Radio Limerick One, also called Limerick 95FM and RLO at times, was the licensed radio station serving Limerick city and county. Licensed by the Independent Radio and Television Commission in 1989, its licence was removed in 1996 for misbehaviour, although the station did not leave the airwaves. It was eventually replaced by Limerick's Live 95FM as the licensed operator.

History
The station started broadcasting in October 1989 from studios in Dooradoyle, Limerick. Its early days were the most memorable as the station had separate radio shows covering about 20 different topics; given Limerick's tradition for a multitude of high-quality pirates covering a wide range of tastes, having a single station to cater for everybody was a task, but one which RLO took to, assisted by the talents of some of those former pirates.

Initially the main presenters at the station were John Ryan, Dr. John Moloney, Declan Copues, Pamela Wilson, Francis Jones and Ger Bradshaw. "Stereo 95 FM, Radio Limerick One" was how one of their main jingles used to go, with the station's catchphrase, "Closer to You", being the main thrust in the promotion of the station to a community that had been starved of local, non-Dublin-focussed radio.

Due to falling ratings the station rebranded itself as Limerick 95FM and moved to 100 O'Connell St. in the centre of Limerick city, around 1992. Changes in ownership occurred through the years as well. During this period, the station became among the first Irish radio stations to transmit via satellite - a service called "Ireland's Overnight Network", allowing other stations to air its generic overnight content in order to operate 24 hours a day without relying on automated playlists.

Irish Satellite Radio
Limerick 95FM also had a sister station for a time called Irish Satellite Radio broadcast via Astra 1B on frequency 11538 V.
The station was on the VH1 TV channel transponder using the analogue transmission system known as Panda. It featured a different schedule, programs and news than the Local variant but at times would simulcast with Limerick 95FM for special events.

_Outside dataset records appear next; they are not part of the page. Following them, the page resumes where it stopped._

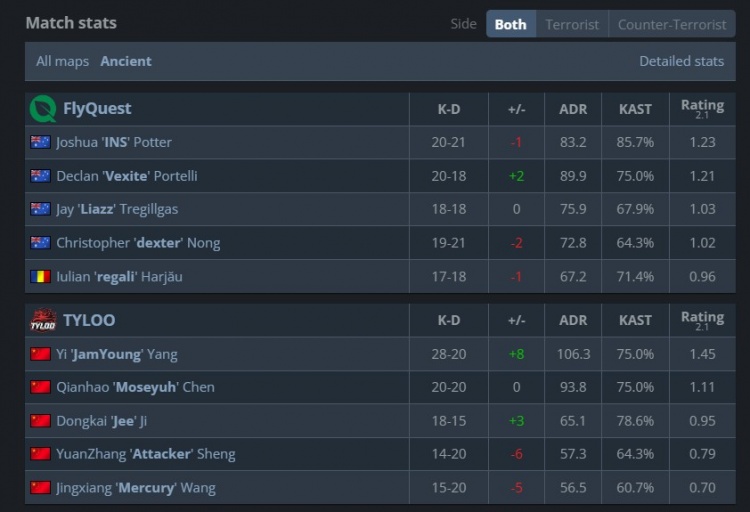 谈球吧体育官网入口🎮真要荣？Tyloo半场追8分无济于事 FLY狂冲B加时连拿4分赢图一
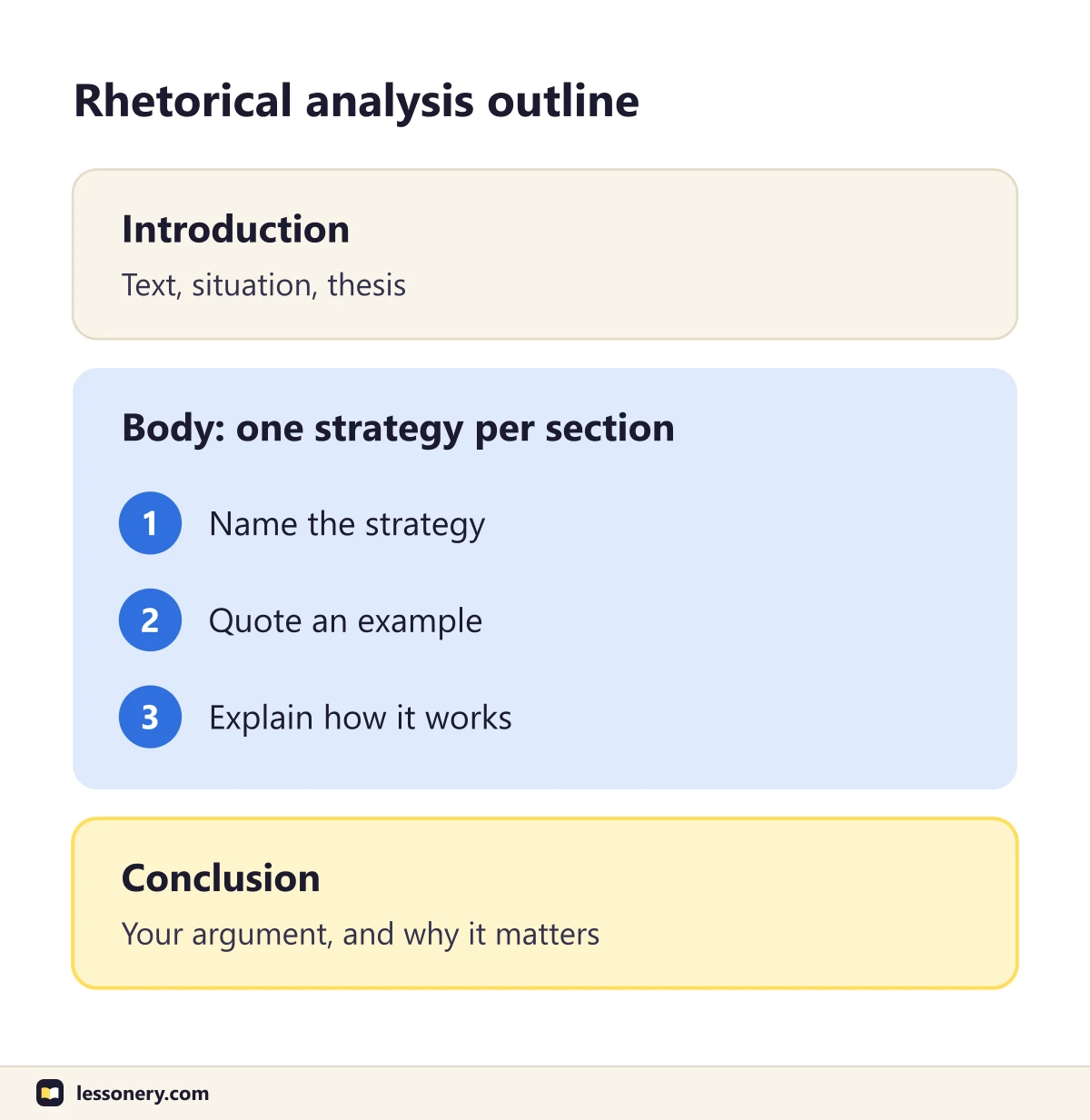 Skeleton of a rhetorical analysis outline: an introduction with the text, the situation and the thesis, body sections that each name a strategy, quote an example and explain how it works, and a conclusion with the argument and why it matters
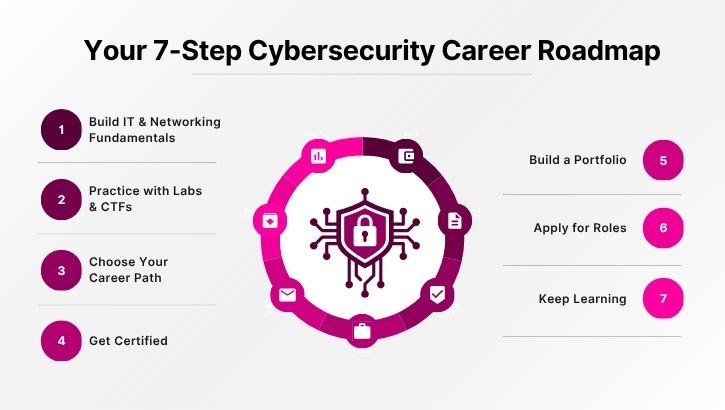 skills for  cybersecurity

The Astra satellite allowed the station to broadcast to Europe and parts of North Africa.
ISR was popular with listeners around the world including ex-pats who enjoyed listening to another Irish radio station, an alternative to RTÉ Radio 1, which incidentally also broadcast from the same transponder.

Both the UK and Germany in particular tuned into Astra 1 transmissions due to their respective countries subscription TV packages emanating from the bird.
Thus Irish satellite radio picked up a large audience from subscribers to the Sky UK service or indeed people who had installed free-to-air satellite equipment.
Several prominent satellite TV listings magazines including Satellite Times and What Satellite TV listed the stations program schedule every month.

Pirate operation
In controversial circumstances which would see court actions continuing into the next century, the station lost its license in 1998. However, it continued broadcasting through its UK legal licence on satellite; this was deflected by unknown community groups back on to the fm band. Its satellite license was removed in 1999 by the Radio Authority in the UK (who had issued it) due to intervention by the then IRTC in Ireland; it was now also broadcasting on the internet worldwide and this source was now deflected again providing a continuous FM broadcast until the Comreg clamp-downs on pirate broadcasting in the early 2000s, and had continued rebroadcasting after many raids.

During the pirate years Radio Limerick One continued to operate as it did when it was a licensed station.
News bulletins were broadcast hourly by the newsroom staff such as Anne O' Grady, Trevor Anderson, Mary Beth Henschel and Aodhan Halligan with night time reports from UK commercial service IRN.
Local obituaries were also read several times a day by the on-air presenter.
RLO also had a dedicated sports team headed up by the then GAA PRO John Ryan and including Keith Fitzpatrick and Dominic Fitzgerald.
Local Gaelic Athletic Association matches were broadcast during season on Sundays using professional outside broadcast equipment where permitted.
The station had a full schedule of programming from 7am-1am.

In the Morning, the breakfast show featured a mix of classic hits, news, weather and travel reports and some chat with presenters such as John Moloney, Frank Carberry, Sean Griffin and Eric Clarke.

This was followed in the afternoon with a lean towards Oldies/M.O.R/Country music often presented by Ger Bradshaw, formerly of Limerick 95fm, Darren Moloney and Fergus Hannan.

Drive-time and evenings featured a 60s/70s/80s music mix over the years including Francis Jones, Fintan Moloney, Ray Fennelly and many others like Enda Caldwell with RLX a Top 40 / Alternative version of RLO and Eric Murphy with Lovesongs.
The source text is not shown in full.